Did any one on forum got the invite in last completed round


----------



## TrimVill (Aug 10, 2012)

We got invited in this round. Now working through the forms.


----------



## dreamsanj (Apr 28, 2015)

TrimVill said:


> We got invited in this round. Now working through the forms.


Congrats TrimVill,

Can you guide the forum members on how many points you got? did you employ an agent?
Also if you get job offer, can you guide us your what methods you employed.


----------



## WestCoastCanadianGirl (Mar 17, 2012)

dreamsanj said:


> Congrats TrimVill,
> 
> Can you guide the forum members on how many points you got? did you employ an agent?
> Also if you get job offer, can you guide us your what methods you employed.

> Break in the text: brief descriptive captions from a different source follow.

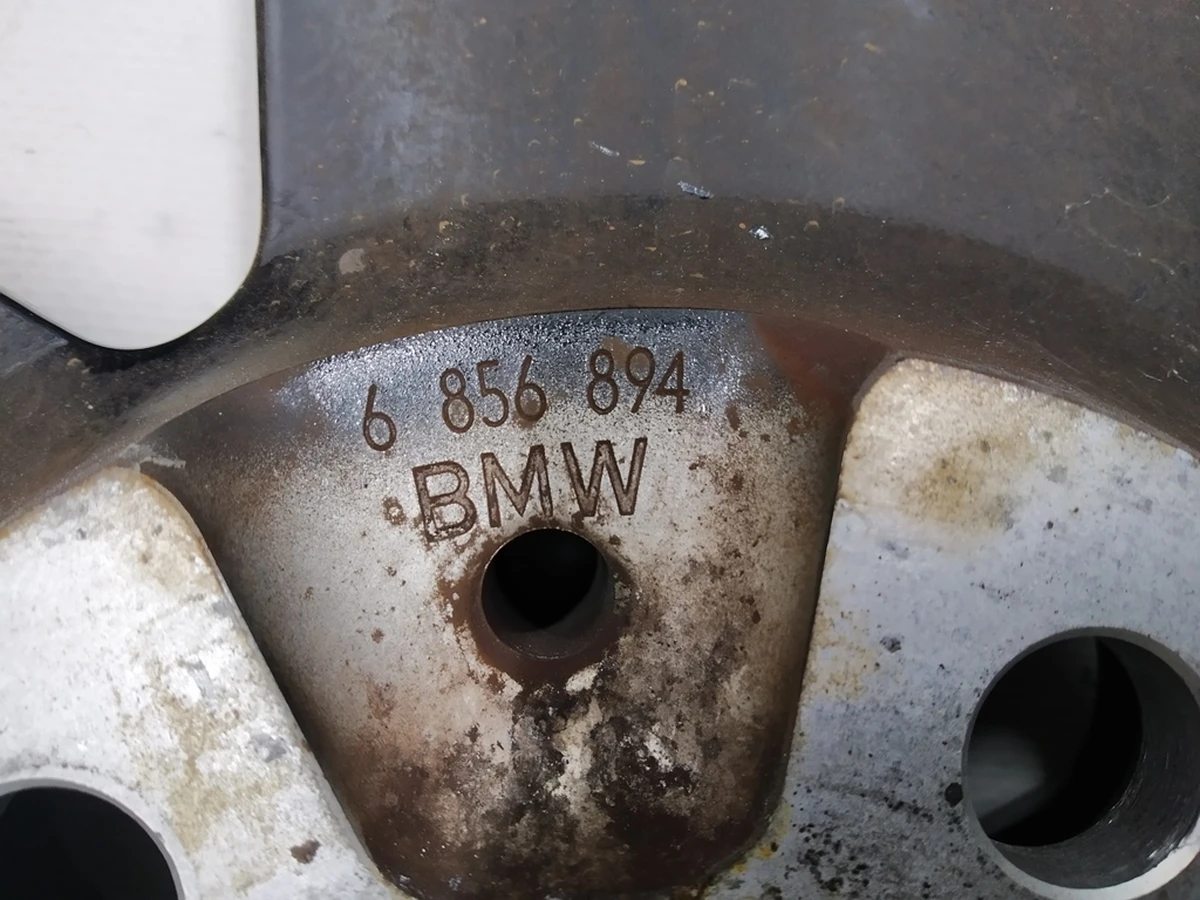 Колесо в сборе(диск,шина,датчик,колпачёк) с повреждением BMW I3 36116852054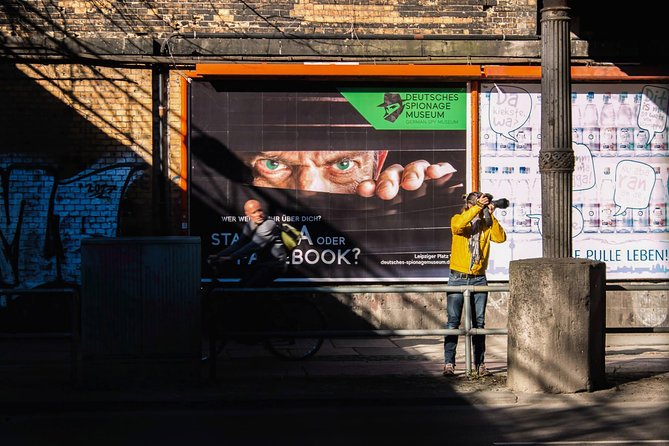 Berlin Hidden Gems PhotoWalk Tour - Berliner Street Arts - Overlooked Hidden Gems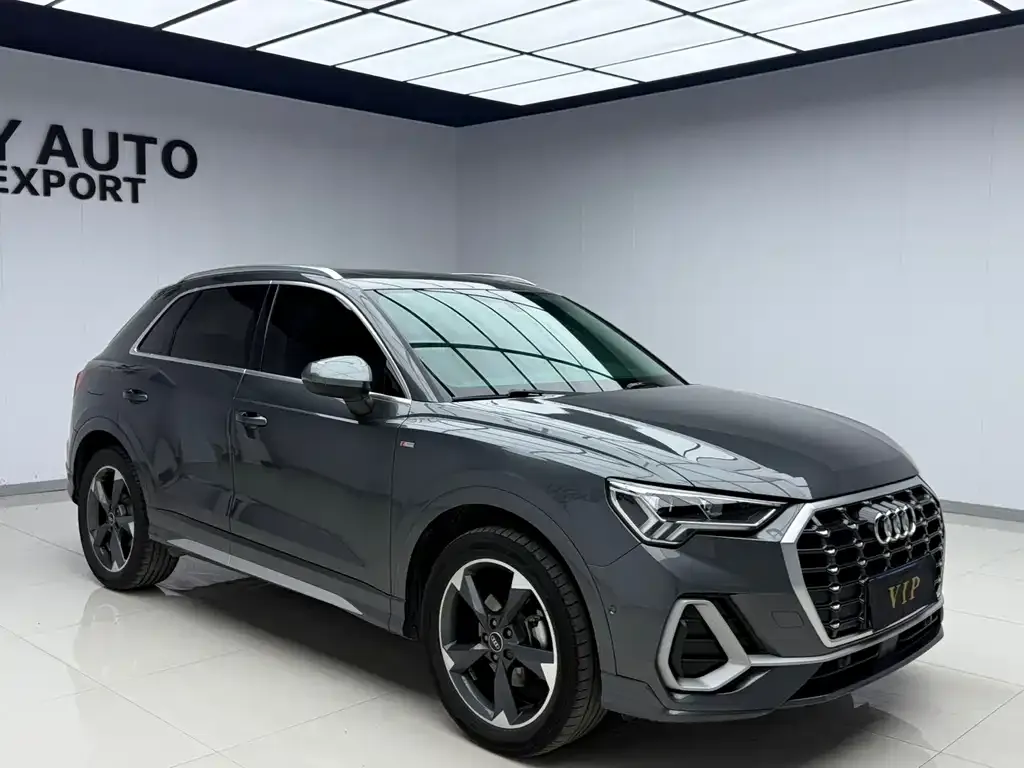 Audi Q3 — фото 10
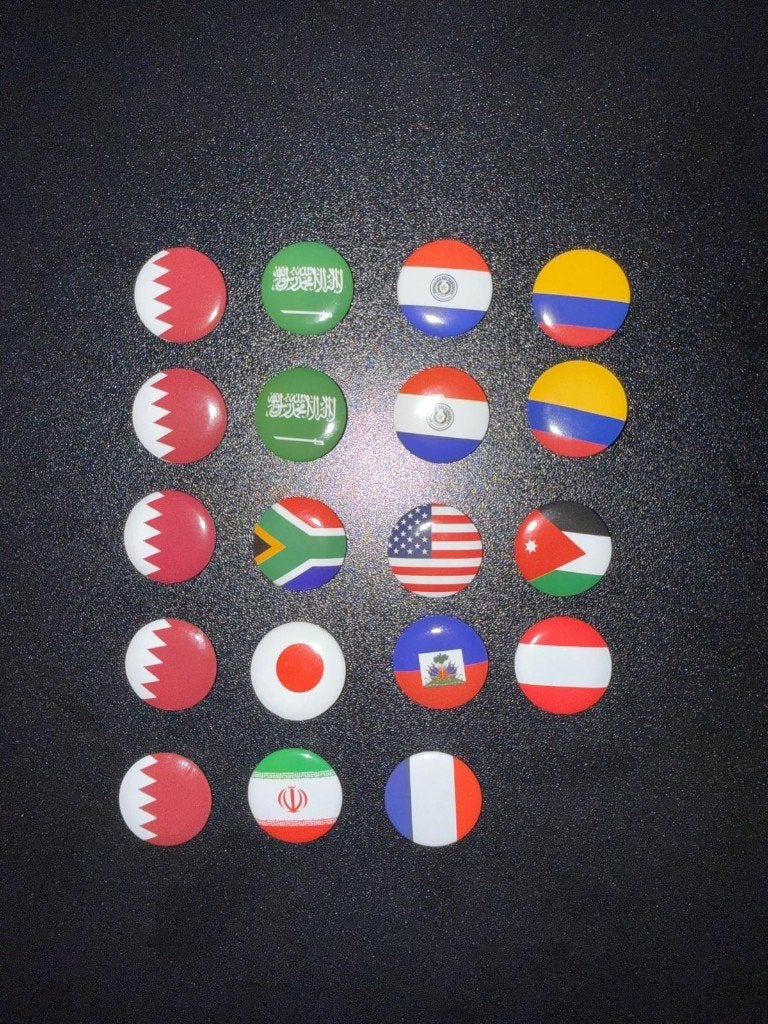 WK buttons Dekamarkt, Dekamarkt, Ophalen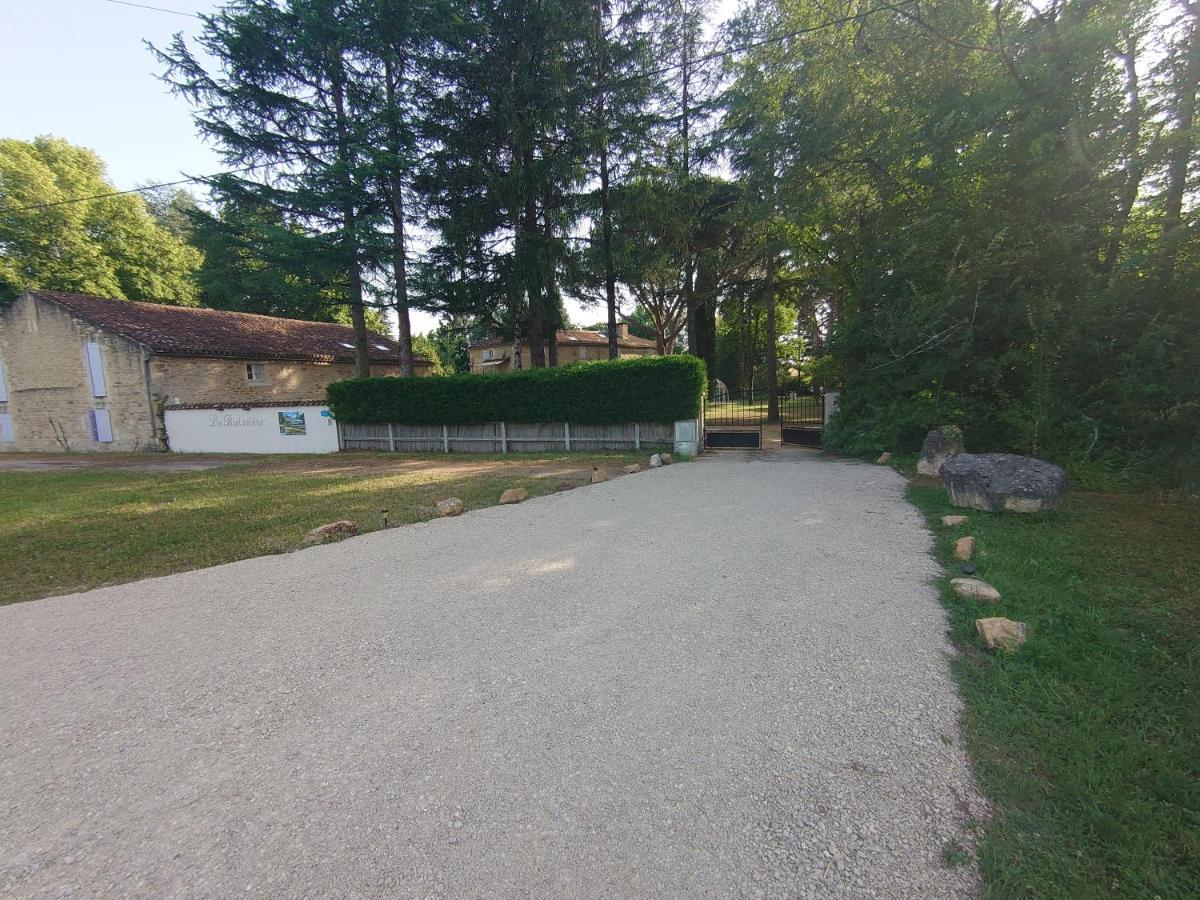 Domaine La Buissiere Duravel "Le Gite" Avec Piscine Couverte Privative Luaran gambar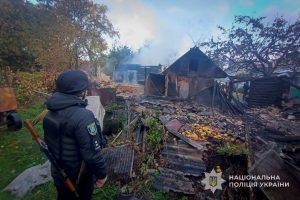 Одна людина загинула, дев’ять травмовано через атаки РФ за добу на Сумщині повідомили в Нацполіції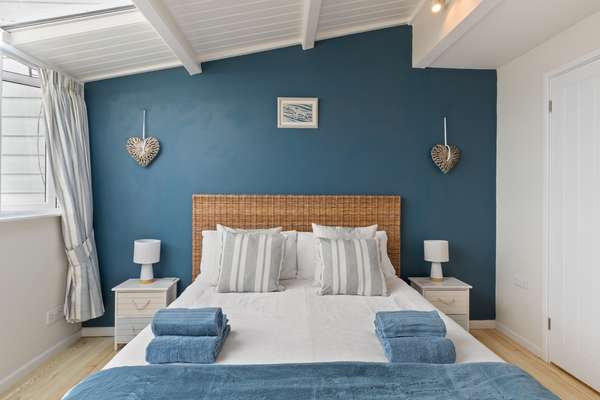Cystanog Fach - Spectacular Sea Views, Balconies, Parking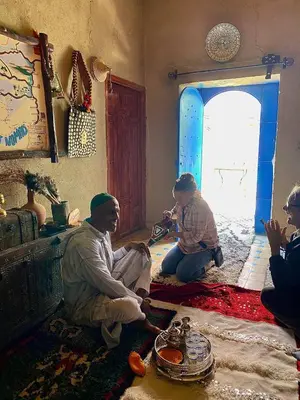 a group of people sitting on the floor in a room at Dar tata in Hassilabied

An agent won't help you to get an ITA... they'll charge you a huge amount of money to do things that you could do yourself and _no immigration agent can guarantee that your application will be successful, nor can they guarantee that they can get you a job._ If an agent promises you this, _walk away_! 

You need to get your education credentials evaluated (which you can do yourself by contacting WES), you need an IELTS test result (which you must do yourself... it _must be_ IELTS - the Pearson PTE exam is not acceptable), police clearance certificates (which you can get yourself), and job reference letters (also something that you get yourself)... there is nothing that the agent does that you can't do yourself. If you have any questions about the process, you can ask questions here.

You should keep in mind that just making it past the cut-off point _does *not*_ guarantee that a candidate will receive an ITA.

There are only a set number of ITA assigned to a draw and it is not known beforehand what that number will be. 

When the cut-off score is announced, the CIC will look at the list of successful applicants and _*only the top ranked applicants will receive an invitation*_.

So, if the cut-off score was 451 and there were 850 ITA assigned to the draw and you had a score of 451 and there are 1300 people who have qualified, the 850 applicants with the highest scores will receive the ITA, while the remaining 450 will not receive an ITA and you will be returned to the general pool.

Your application is valid for a year, and at the end of that year, _you *will*_ have to reapply to enter the pool and _you *will not*_ receive an ITA just because you've been in the pool for a year... the CIC is only interested in your ranking score and they don't regard how long you've been in the pool as a reason for issuing you an ITA. 

During the year, you are welcome to improve your academic qualifications and your language scores/learn the other official language to a level of proficiency that will get you points.


----------